When Maxwell published his A Dynamical Theory of the Electromagnetic Field a few months before the end of the American Civil War, his theory did not take the form of the four equations so familiar to physics students.  Maxwell presented his ideas in twenty equations.  The simplification occurred a couple decades later as Oliver Heaviside made significant advancements in vector calculus.  This allowed Heaviside to simplify, to the good fortune of future physicists, Maxwell’s results.

Maxwell’s work highlighted the key difference between electric and magnetic fields.  Electric fields can flow away or towards a point source.  An electric field will flow away from a positive charge but flow towards a negative charge.  Consequently, if you surround an electric charge with a closed surface, the electric flux (number of field lines) leaving that surface will be proportional to the charge.

Charge
Credit: Wiki Commons

Friction can cause a migration of negatively charged electrons from one material to another creating static electricity.  This is what happens to cloths in a dryer as the material with an excess of negative charges will cling to the material with an excess of positive charges as opposite charges attract.  Cling free sheets release a lubricant to decrease friction in the dryer so there is no buildup of static electricity.  Another household item, the refrigerator magnet, generates a different type of field also explained by Maxwell.

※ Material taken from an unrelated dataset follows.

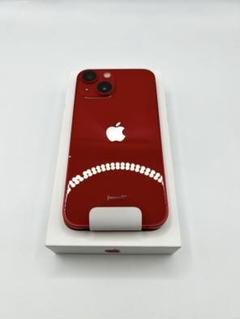 【新品未使用】iPhone 13 mini 128GB レッド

A magnetic field is fundamentally different in that it requires two poles.  While a positive or negative electric charge can exist in isolation, a magnetic north pole is always accompanied by a southern magnetic pole and vise versa.  Unlike an electric field where field lines flow away or towards a single charge, a magnetic field acts as a continuous loop.   As a result, if you put a magnetic pole inside a closed surface, whatever magnetic flux emerges from the surface eventually reenters the surface.  Thus, the magnetic flux of a closed surface is zero.
Credit: Wiki Commons

An example of this is the Earth, which acts like a giant bar magnet.  However, the Earth’s magnetic field is continually buffeted by the solar wind which deforms its shape.  On the day side facing the Sun, the magnetic field is compressed.  On the night side facing away from the Sun, the magnetic field is blown away by the solar wind into a tail much like a comet.  As the solar wind is constantly changing velocity and direction, the Earth’s magnetic field is dynamic in nature as can be seen below.

Credit: NASA Goddard/SWRC/CCMC/SWMF

Maxwell was able to demonstrate through his equations how a changing magnetic field will produce electric fields.  In the case of the Earth, a perturbation of the magnetic field by a strong solar event can induce electric fields in the atmosphere.  In 1859, just six years before Maxwell published his work on electromagnetic fields, the strongest magnetic event in recorded history occurred. On September 1st, from his solar observatory 25 miles south of London, Richard Carrington observed a major solar flare.  The following night, the disruption in the Earth’s magnetic field produced aurora as far south as Cuba and induced electrical currents to the extent that telegraph operators were able to send messages even when the batteries were disconnected.  The original New York Times report on the magnetic storm can be read here.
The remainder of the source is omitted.